A molecular robot that can build other molecules
The world's first molecular robot capable of building other molecules, besides performing other tasks, was announced by scientists from The University of Manchester in a paper published in the scientific magazine, Nature, last Thursday. Each robot is made up of just 150 carbon, hydrogen, oxygen, and nitrogen atoms and is just a millionth of a millimeter in size.
In order to perform their basic tasks, the robots are programmed and controlled by the scientists through chemical reactions in special solutions. According to Professor David Leigh, leader of the project:
It is similar to the way robots are used on a car assembly line. Those robots pick up a panel and position it so that it can be riveted in the correct way to build the bodywork of a car. So, just like the robot in the factory, our molecular version can be programmed to position and rivet components in different ways to build different products, just on a much smaller scale at a molecular level.
Professor Leigh and his team expect that within 10 to 20 years molecular robots will be widely used to build molecules and materials on assembly lines in molecular factories. If so, this next industrial revolution would reduce consumption of materials and energy, while also possibly accelerating and improving drug discovery.
Electrically activated soft muscle for soft robotics
Until now, pneumatic or hydraulic inflation was necessary to create muscle-like structures made of elastomer skins. Such mechanisms require external compressors or high voltage equipment to function, an issue for developing human-like robots. This may soon change, according to a paper published in Nature Communications.

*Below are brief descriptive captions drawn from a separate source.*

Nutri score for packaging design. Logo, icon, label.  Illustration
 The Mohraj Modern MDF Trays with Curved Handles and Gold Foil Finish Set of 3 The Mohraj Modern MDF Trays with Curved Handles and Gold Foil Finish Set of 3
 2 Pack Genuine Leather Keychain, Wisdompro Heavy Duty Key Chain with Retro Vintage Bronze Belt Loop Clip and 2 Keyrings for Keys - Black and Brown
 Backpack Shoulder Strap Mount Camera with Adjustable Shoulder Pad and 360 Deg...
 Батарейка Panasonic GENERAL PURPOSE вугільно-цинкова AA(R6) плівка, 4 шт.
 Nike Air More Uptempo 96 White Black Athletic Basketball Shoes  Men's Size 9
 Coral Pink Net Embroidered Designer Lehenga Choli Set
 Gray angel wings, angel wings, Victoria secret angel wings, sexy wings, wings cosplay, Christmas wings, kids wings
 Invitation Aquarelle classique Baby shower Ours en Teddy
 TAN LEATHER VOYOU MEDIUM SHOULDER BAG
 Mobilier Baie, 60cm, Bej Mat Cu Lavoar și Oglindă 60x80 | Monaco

Scientists from Columbia Engineering have developed the first artificial active tissue with intrinsic expansion ability, capable of functioning as a soft muscle due to its high actuation stress and strain properties. The tissue, which is built using a 3D printer, is inspired by living organisms and made of a silicone rubber matrix with ethanol. To actuate, the artificial muscle uses electricity, instead of cumbersome external equipment. According to Aslan Miriyev, lead author of the study:
Our soft functional material may serve as robust soft muscle, possibly revolutionizing the way that soft robotic solutions are engineered today. It can push, pull, bend, twist, and lift weight. It's the closest artificial material equivalent we have to a natural muscle.
The new material can expand more than natural muscle, with a strain density 15 times larger. Also, it can lift one thousand times its own weight. Finally, the team of scientists plans to work on improving the muscle’s response time, but in the future, they want to work with artificial intelligence researchers to learn how to control the muscle.
To round off our weekly science wrap up, researchers in Australia have effectively processed information using light. The team was able to send a package of 'data photons' through a waveguide that slows them down and to interact with them using a 'write' pulse. This increases the wavelength of the photons by the desired frequency which turns them into a 'phonon'.
Finally, a SETI scientist has listed seven places where microbial life could be found in space. In the list are Mars, three of the four Galilean moons that orbit around Jupiter, two of Saturn's moons, and Pluto. To find microbial life would be a first step for the SETI Institute in the search of its main goal, which is to find extraterrestrial intelligence.